At NordVPN, we use a range of software to improve user experience and make sure our services run smoothly. However, if something goes wrong, it can take time to fix the problem and debug the website. How can you bring your app back to life and where should you start?

May 28, 2021

4 min read

How do you debug your website?

Into the fire

You get a phone call in the middle of the night: your website is broken. You kiss goodbye to a good night’s sleep and open up the app in your browser. Everything seems to be working fine: there are no visual glitches, the assets are loaded — and yet, the complaints from users are still coming in.

First and foremost, you need to check whether all the services are up and running. You start your investigation as a diligent IT detective.

MySQL seems to be working, as is RabbitMQ. Then you see it: Redis appears to be down for one of the server nodes. You restart Redis and expect everything to go back to normal.

Unfortunately, the problem still persists.

Debugging the problem. . . Again.

You check meticulously whether all the services are available. A sudden realization occurs — there could be a problem with the code!

After digging through the logs, it seems that the last deployment broke the code that connects to RabbitMQ.

So you decide to do what any sane person would do: rollback to a previous version. However, unbeknownst to you, there’s a little issue with the previous release.

Surprise! The previous release is completely broken

You’ve just deployed a completely broken app to production. Your customers are unhappy, your managers are furious, and you’re frustrated and exhausted.

You rollback the app by one more release and finally “fix” the issue. In some alternate universe things could’ve gone differently.

Meanwhile in an alternate universe

You get woken up by a phone call. You visit the /status page of your website — "status":"OK". This means the main functionality of the app is available. You then get more details from the /status/details page:

"database.default": "OK", "redis.local": "FAIL", "rabbitmq.server": "FAIL"

You first reload the Redis server and check the status page again:

"database.default": "OK", "redis.local": "OK", "rabbitmq.server": "FAIL"

Then, you take a look at the RabbitMQ server — it is definitely online. It looks like those pesky developers broke the code! Well, no worries, things like that happen sometimes.

You rollback the code using a rolling deployment method. During the first phase your deployment fails, because the load balancer health check detects your app is down. A broken release? Well then, just rollback to an even earlier version.

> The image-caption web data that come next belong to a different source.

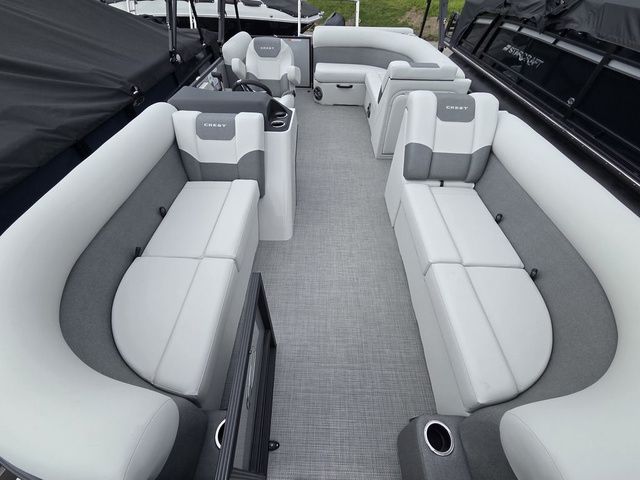 2026 Crest Conquest SE 220 Cruise 2-Tube W/115Hp And Trailer - 6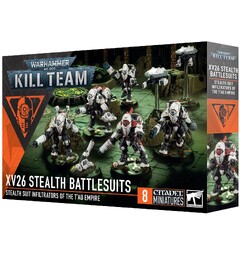 Kill Team XV26 Stealth Battlesuits Warhammer 40K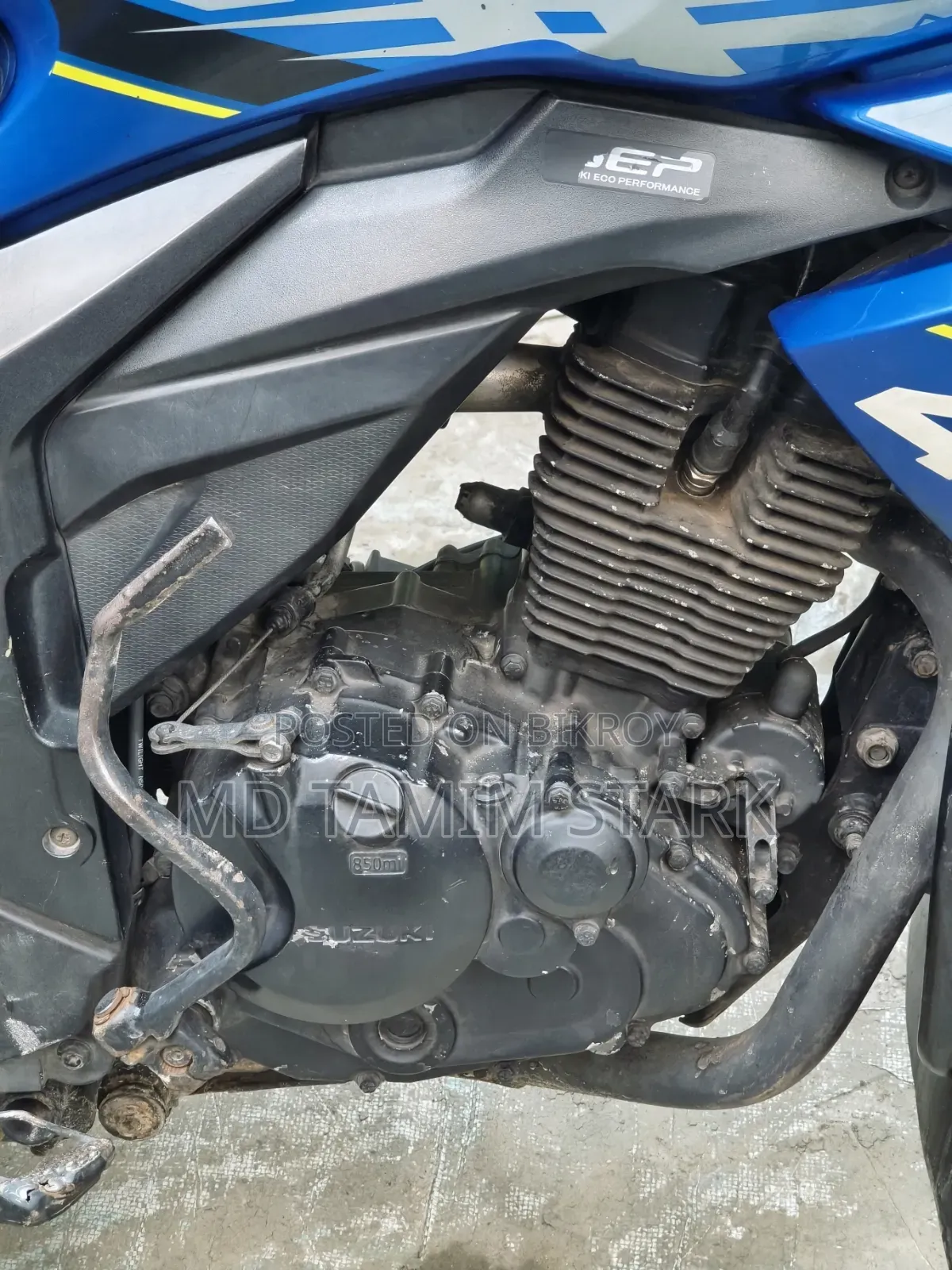 Suzuki Gixxer 2020 Blue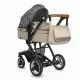 Carucior transformabil 3 in 1 Coccolle Ambra Safari Beige Carucior transformabil 3 in 1 Coccolle Ambra Safari Beige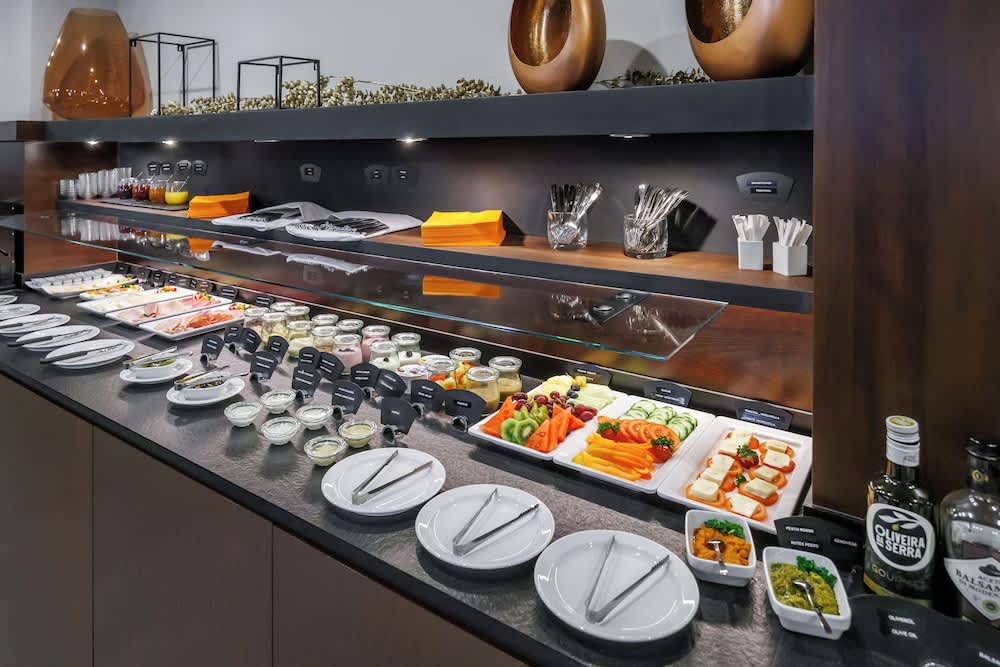 Morgenmadsbuffet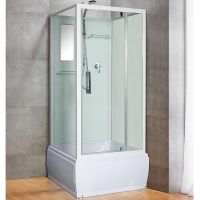 Душевая кабина River Tana 90x90 Б/К с поддоном арт-10000003118 — фото 1, Душевые кабины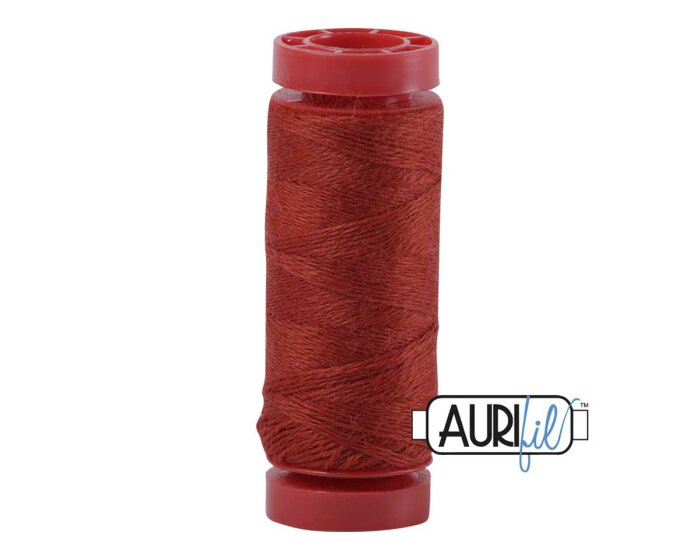 Quiltgarn AURIFIL Lana 12wt aus Wolle, 50 m 8248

The rollback is a success, everything is working as expected. You get praise from management and go back to bed to catch some sleep.

If only. . .

If only there was a php library for making this parallel universe a reality. Well, now — there is!

Introducing the NordSec/StatusChecker library!

Main features

The library comes with a controller that provides you with a status page:

  • /status — provides the overall status of the app, useful for load balancer health checks.
  • /status/details — provides more detailed information.

We’ve also included a cli command that outputs those details to stdout:

  • php bin/console status:check

Configuration

So, let’s turn our parallel universe scenario into reality using the following basic configuration:

$container[StatusCheckerService::class] = function (Container $container) { $configuration = $container['config']; return new StatusCheckerService([ new DatabaseChecker('database.default', $configuration['database']['default']), new RabbitMqChecker('rabbitmq.server', $configuration['queue']), new RedisChecker('redis.local', $configuration['redis']), ]); };

Then, configure your load balancer health check to expect a {"status": "OK"} from the /status page.

There is a caveat though.

If your RabbitMQ server goes down, the status page will change to {"status": "FAIL"}. This will cause the load balancer to assume that all your nodes are broken.

Let’s fix that by marking some services as non-critical:

$container[StatusCheckerService::class] = function (Container $container) { $configuration = $container['config']; $redisChecker = new RedisChecker('redis.local', $configuration['redis']); $redisChecker->setCritical(false); $rabbitMqChecker = new RabbitMqChecker('rabbitmq.server', $configuration['queue']); $rabbitMqChecker->setCritical(false); return new StatusCheckerService([ new DatabaseChecker('database.default', $configuration['database']['default']), $rabbitMqChecker, $redisChecker, ]); };

Now, whenever non-essential services go down, your app will continue to function, while still providing your monitoring software with useful output.

Great! What’s next?

Here at NordVPN, we’ve been using open source to build exceptional products, and we now wish to give back to the community.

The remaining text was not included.